Prove that the period of a SHM is 2pi*sqrt(m/k)

[ItsTheSebbe]

Homework Statement

When I was in high school I was thaught that the period of a simple harmonic oscillation (mass on spring, ball on pendulum, etc) was equal to $T=2\pi \sqrt \frac m k$ though they have never explained to me why. That's what I wanted to find out.

So for example, let's take a mass $m$ on a spring with spring constant $k$, give it a little nudge and it will start oscillating in a wave-like manner (let's assume no energy is lost due to friction).

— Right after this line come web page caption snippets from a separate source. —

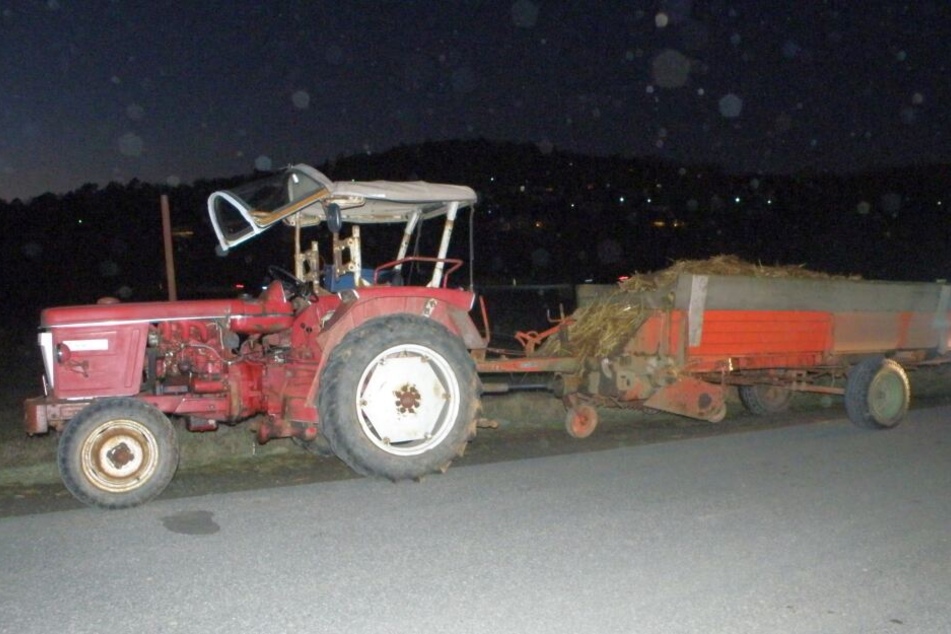 Ohne Licht tuckerte der Trecker über die Bundesstraße.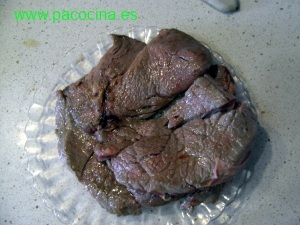 Entrecot en salsa de piquillos Entrecot en salsa de piquillos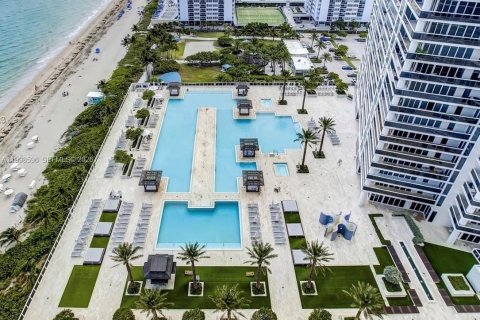 Condo in Hallandale Beach, Florida, 1 bedroom  № 2060465 - photo 17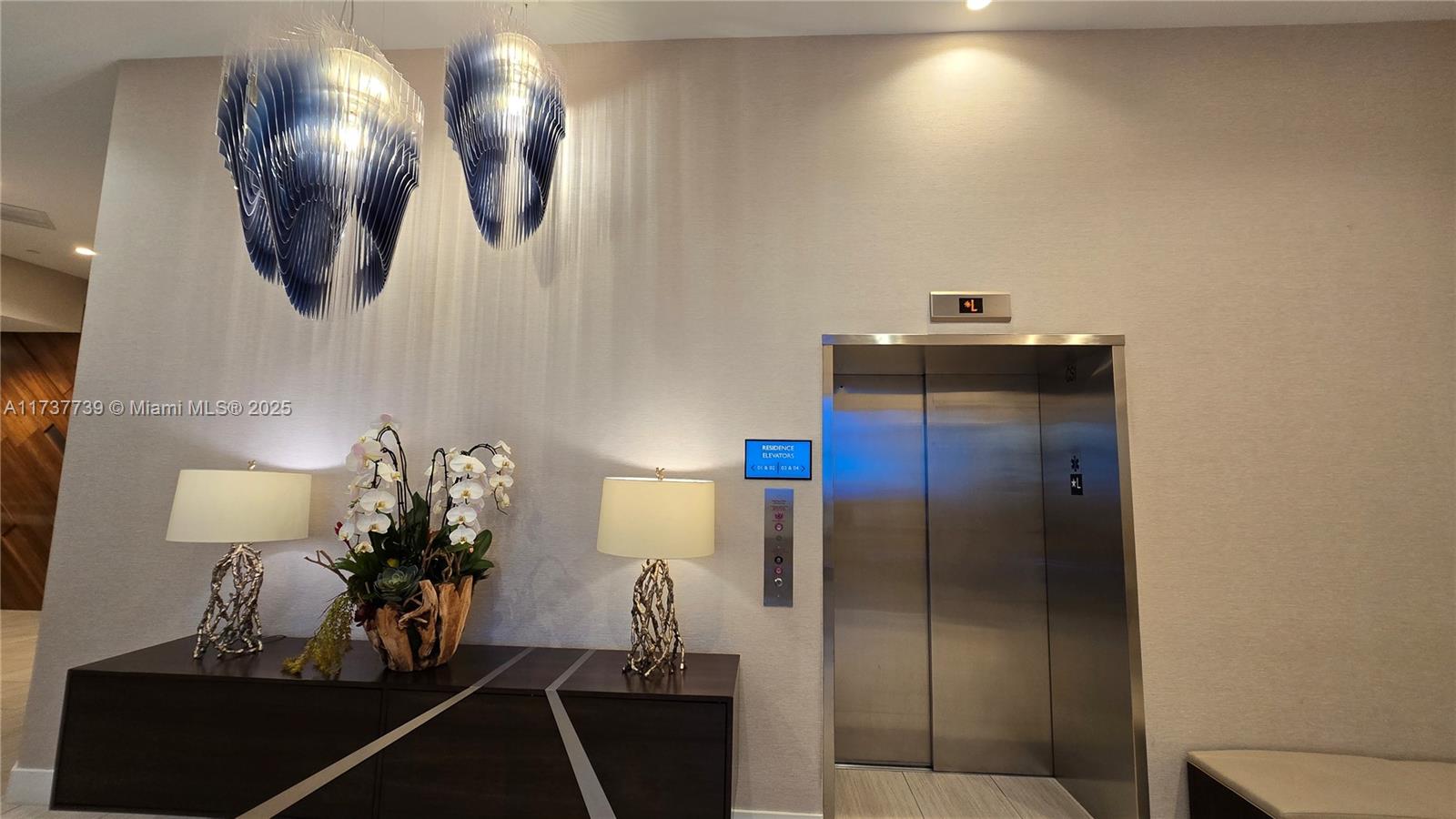 100 LAS OLAS CONDO - Residential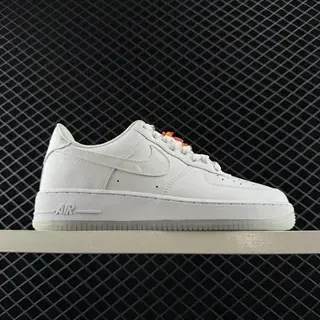 Nike Air Force 1 أبيض نمط حياة سينيكرز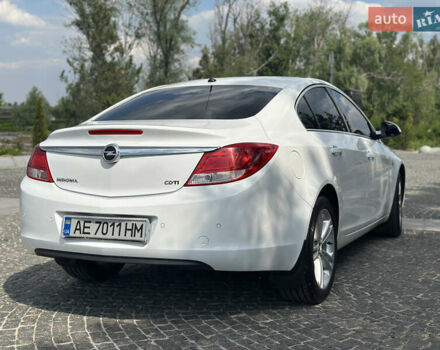 Белый Опель Инсигния, объемом двигателя 1.96 л и пробегом 54 тыс. км за 11700 $, фото 4 на Automoto.ua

PS: This is the first time I'm trying to use LaTeX (first post in general), so if there's anything wrong with the formatting, please let me know :)!

Homework Equations

$T=\frac {2\pi} {\omega}$
$F_{spring}=-kx$
$F_{net}=ma$

The Attempt at a Solution

$F_{net}=F_{spring}$
$ma=-kx$
$m \frac {d^2x} {dt^2} +kx=0$
$\frac {d^2x} {dt^2} +\frac k m x=0$
$\ddot x(t) + \frac k m x(t)=0$

$\text{take} \ \ x=e^{Rt}$

$R^2e^{Rt} +\frac k m e^{Rt}=0$
$R^2+\frac k m =0$
$R^2=-\frac k m$
$R=\pm i\sqrt \frac k m$

$\text{hence, } x(t)=C_1e^{i\sqrt \frac k m t}+C_2e^{-i\sqrt \frac k m t}$

Now, here I get stuck. I know I need to eventually get $x(t)=Acos(\omega t+\phi)$
I don't really understand how to get there; probably by using Euler's formula.
From here on out I can proof the equation, namely:

$\ddot x=-A\omega^2\cos(\omega t+\phi)=-x\omega^2$
$\text{plugging into EoM gives:}$
$-x\omega^2+\frac k m x=0$
$\omega^2=\frac k m$
$\omega=\sqrt \frac k m$
$T=\frac {2\pi} {\omega}=2\pi \sqrt \frac m k$

 

[James R]

$\text{hence, } x(t)=C_1e^{i\sqrt \frac k m t}+C_2e^{-i\sqrt \frac k m t}$

Now, here I get stuck. I know I need to eventually get $x(t)=Acos(\omega t+\phi)$
I don't really understand how to get there; probably by using Euler's formula.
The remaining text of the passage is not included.